Furthermore, a paired nonparametric test revealed significant differences between baseline and follow-up values for several laboratory parameters including erythropoiesis and iron metabolism markers as shown in Table S7, consistent with the findings reported by Garbowski et al. [6] in the BELIEVE study. It follows that a reduction in serum ferritin alone cannot be the sole criterion for reducing chelation therapy in patients treated with luspatercept, especially if it is not proportional to or synchronous with a reduction in transfusion requirements; moreover, luspatercept therapy must be accompanied by valid chelation therapy and regular scans.

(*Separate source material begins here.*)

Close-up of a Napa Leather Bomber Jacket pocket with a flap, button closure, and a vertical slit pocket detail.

A total of 157 patients (68%) reported at least one adverse event during luspatercept treatment, with a gradual reduction in incidence over time (Figure S5). No deaths or malignancies were reported. Bone pain, asthenia-fatigue, articular pain, and arterial hypertension requiring therapy or modifications of the previous treatment were the adverse events that occurred in ≥ 5% of the patients. Moreover, a few events that have rarely or never been associated with the drug occurred with some frequency. These include edema, both subjective and objective, increased heart rate, dysesthesia and paresthesia, and menstrual irregularities (mainly oligomenorrhea but also reversible cessation of menstruation) (Table S8). This finding is interesting because the decision to continue the clinical trial with luspatercept instead of sotatercept was based, among other factors, on the higher ligand selectivity, resulting in lower off-target effects and a lower risk of adverse effects on the hypothalamic–pituitary–gonadal axis.

Notably, the median number of platelets increased (Figure S6). Four patients developed superficial venous thrombosis, with one of them also experiencing facial neurological symptoms. Two patients experienced ischemic stroke, whereas the other two developed deep venous thrombosis and pulmonary thromboembolism (Table S9). Seven patients experienced worsening of pre-existing masses of extramedullary erythropoiesis (EMH) or the appearance of newly developed EMH (Table S10).

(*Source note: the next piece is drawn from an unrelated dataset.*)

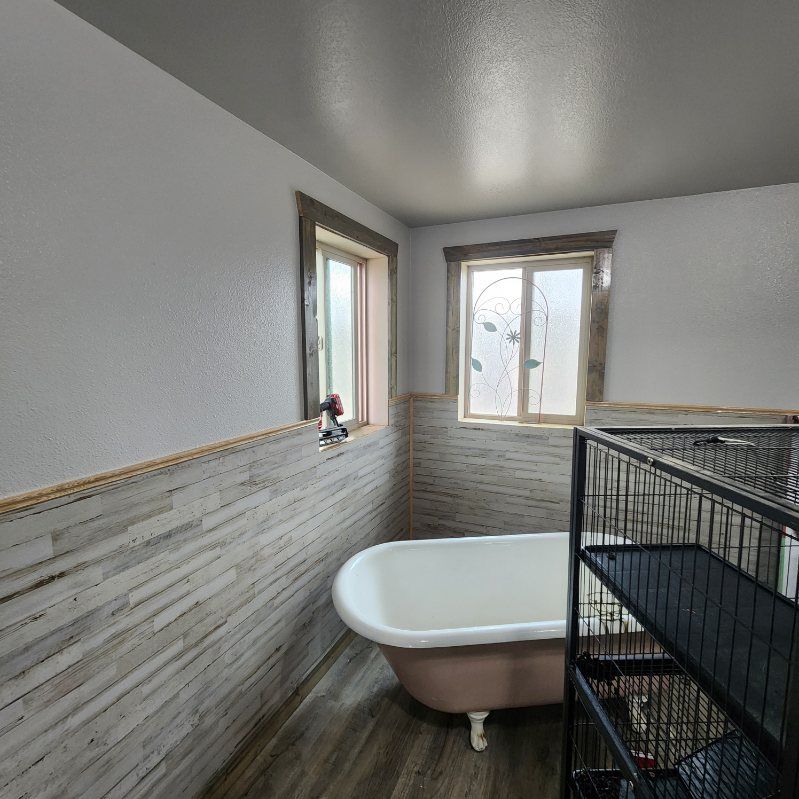 Bathroom with a freestanding tub, gray tile walls, and two windows letting in natural light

Although the incidence of thrombotic events in our study was comparable to that of the BELIEVE trial, unlike that, two patients who experienced thrombosis were not splenectomised. All patients with thrombotic events, except one, experienced the event within the first year of therapy. Furthermore, of eight patients (including the two with stroke), three experienced the event within the first two treatment cycles.

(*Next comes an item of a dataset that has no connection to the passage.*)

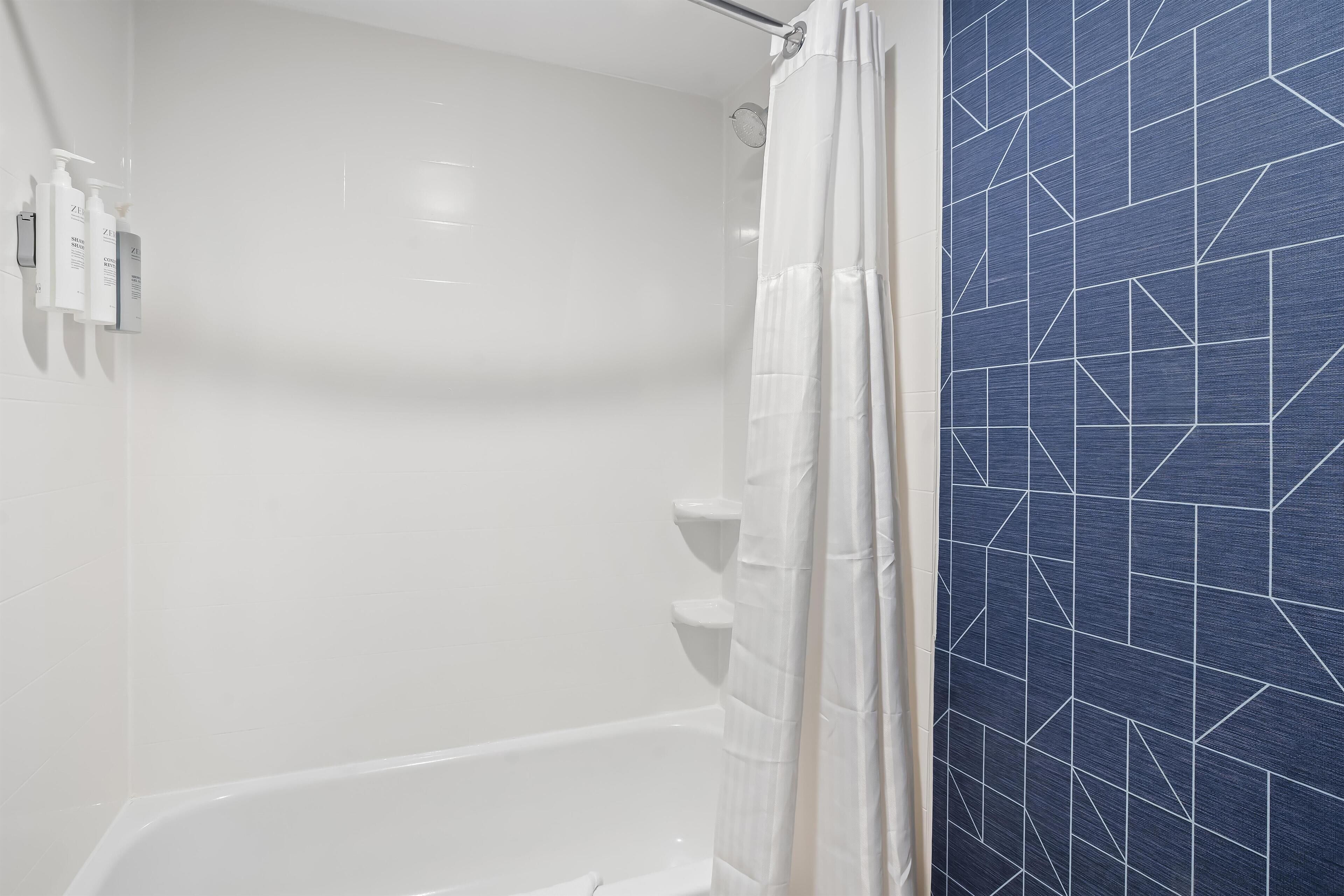 Un baño con una bañera blanca, una cortina de ducha y una pared con un diseño geométrico de azulejos.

This early onset is also typical of other milder and often transient side effects, including pain, which is also experienced by TDT patients in the pre-transfusion phase, precisely due to medullary activation. This suggests that luspatercept, at least at an early stage, does not only increase effective erythropoiesis, it also increases ineffective erythropoiesis, with the possibility of severe adverse events in a subgroup of patients with underlying co-morbidities. This is consistent with the early increase in erythropoietin in these patients. One factor potentially supporting this hypothesis could be the early development of EMH. However, demonstrating that in this retrospective study is challenging because EMH may not be recognized unless actively sought, and only a small number of patients underwent MRI (at least of the spine) before luspatercept initiation and at regular intervals thereafter. Nevertheless, a review of existing literature, which includes examples of both volume reduction in preexisting masses during therapy and new mass development, reveals case reports of symptomatic compression masses consistently manifesting soon after starting treatment with luspatercept.

Given that all patients with EMH in our study, excluding one, had suboptimal Hb values, monitoring and correcting this aspect is crucial even in patients under treatment. As previously mentioned, the drug can, in this context, provide an opportunity.